Lonnie Melvin Tillis (August 8, 1932 – November 19, 2017) was an American country music singer and songwriter. He penned more than 1,000 songs and recorded more than 60 albums in a career that spanned six decades. Many of those songs were recorded by other country music stars such as Kenny Rogers, George Strait and Ricky Skaggs.
Although he recorded songs since the late 1950s, his commercial peak came in the 1970s when he had a string of top 10 hits, including “Good Woman Blues,” “Heart Healer” and “Coca Cola Cowboy.”
Before making his way to Nashville, Tennessee, the singer/songwriter briefly attended the University of Florida.

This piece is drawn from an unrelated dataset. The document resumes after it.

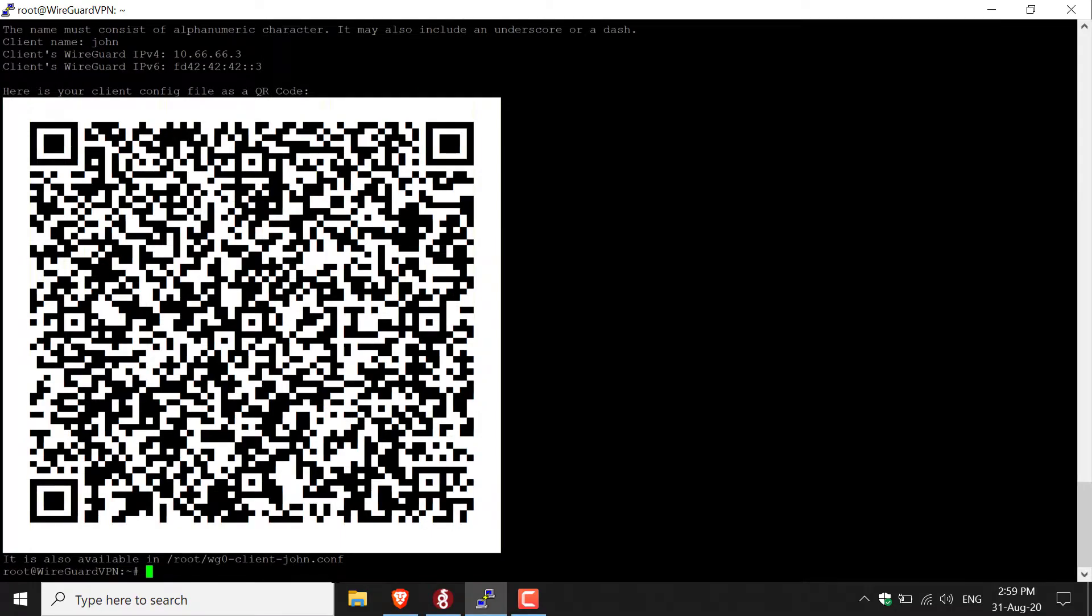And there you go. All I need to do now is give John either this QR code or give him the John configuration files contents. Let's say John doesn't need the QR code because he doesn't need a mobile VPN, and he just wants something for his desktop.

He joined the US Air Force to serve in the Korean War and was stationed in Okinawa, where he spent his time cooking and singing on Armed Forces Radio.
Born in Tampa, Florida, he suffered a spell of malaria as a boy that left him with a chronic stutter, according to the Country Music Hall of Fame. His stutter became a trademark that Tillis mined for laughs, although it disappeared when he sang.

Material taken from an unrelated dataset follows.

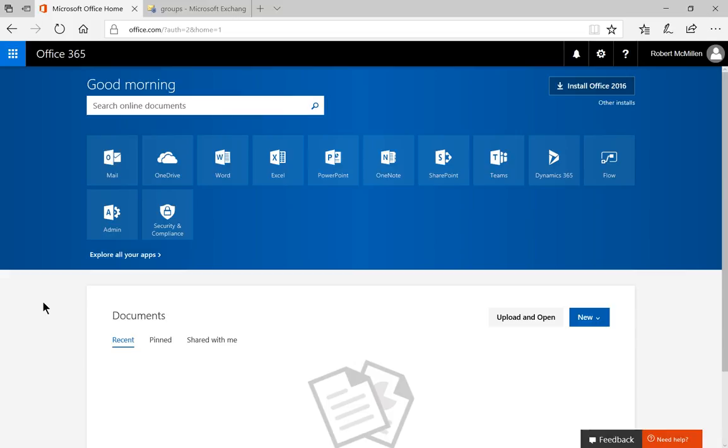We're in Office 365. I'm going to show you how to add a user to a group. Let's go ahead and click on the admin icon, assuming you are an admin.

In an interview with People Magazine in 1976, Tillis said performing helped him overcome his stutter. “The more I go onstage,” he said, “and feel my independence and that power over audiences, the less I stutter.” In 1998, he became spokesman and honorary chairman of the Stuttering Foundation of America.
Tillis also had something of an acting career, with small roles in a number of films such as “The
Cannonball Run” and “Smokey and the Bandit II.” He also made a TV appearance in an episode of “The Dukes of Hazzard” in the late ’70s.
In 2007, he was inducted into the Country Music Hall of Fame.